The notion of tree resin hardening into amber came to mind as I read a New York Times article about an instructor at Georgetown Law School caught on video commenting privately, or what she thought was privately, about her students to a colleague:
I hate to say this. I end up having this angst every semester that a lot of my lower ones are Blacks — happens almost every semester. And it’s like, ‘Oh, come on.’ You know? You get some really good ones. But there are also usually some that are just plain at the bottom. It drives me crazy.
I see no reason to interpret this quotation as other than a dedicated teacher stating facts and expressing frustration. She isn’t saying all African-Americans are stupid; in her experience, some perform well. She isn’t even saying the poor performers are stupid. It’s entirely possible she has a good idea of the disadvantages they may well have faced. Rather than dismiss or condemn them, she seems frustrated that a whole category of student has come in consistently last. She does obviously believe in the grading system, and one might argue that this system has inherent biases, but to have faith in it is hardly a sign of prejudice. Likewise, lamenting poor performance isn’t evidence of bias.
However, for those quoted words, the instructor simultaneously resigned and was fired. In her resignation letter, she wrote: “Regardless of my intent, I have done irreparable harm and I am truly sorry for this.” The sentence reads like a confession at a communist Chinese reeducation camp. She may well have felt sincere as she wrote, but it’s at odds with her earlier, forthright expression of frustration.
From that same article, I learned that at Georgetown, to be disciplined doesn’t require words. The colleague to whom she spoke was placed on leave. Why? For failing to voice disagreement.
The good news behind this story is that institutions are bent on eradicating racial prejudice. The bad news is that they do so by forcing speech to be artificial. Rather than discourage prejudice, the atmosphere prevailing at universities and elsewhere redirects our prejudices against ourselves. It means we never really address our individual biases because we’re so afraid of speaking up and exposing ourselves to ridicule.
7
We can no more discern how time and place circumscribe us than those who lived in past times could see it in their world. Just as people in past centuries were incapable of contemplating a world without a monarch, sultan or similar tyrant, we are almost certainly missing something that will be plain to future generations. It’s only when the insect is trapped in amber that we can view the entire picture, with its beauty, its scariness and its boundaries.
Still, our society’s current battle lines do give us clues about how our world will be viewed in times to come.
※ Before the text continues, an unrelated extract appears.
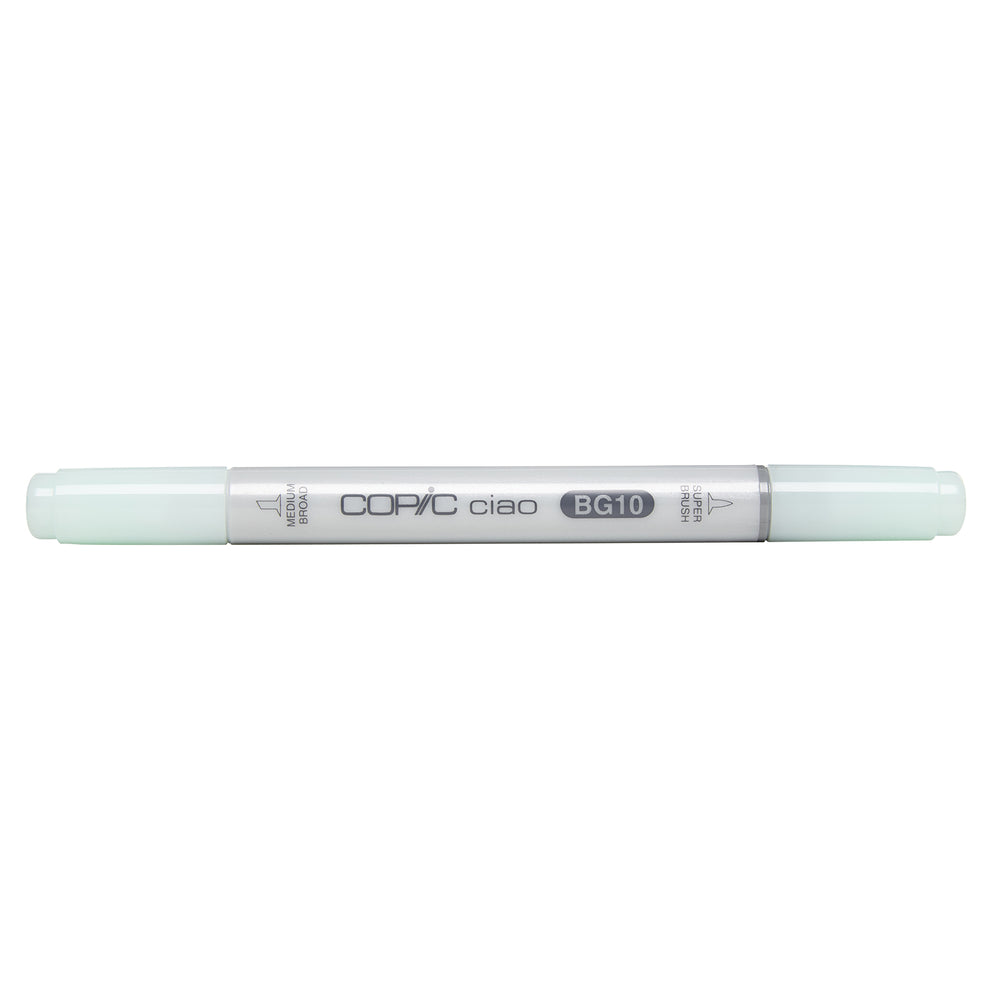 
                      
                        COPIC Ciao Markers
The theme of our age might lie over there by the windfarm, or in some biotech lab, or far-off in outer space awaiting Jeff Bezos’s and Elon Musk’s rocket passengers. Or just maybe, we’ll say farewell to tribal divisions.
As the radical improvement toward acceptance in social attitudes during recent decades toward gays demonstrates, having colleagues and neighbors who puncture our prejudices is what brings about change. It’s happening all across America. It may well explain why those who wish things to stay the same have become so loud and, as the January 6 assault on the Capitol demonstrated, violent. Tribalism can seem worse than ever, but a phenomenon’s peak can signal its end.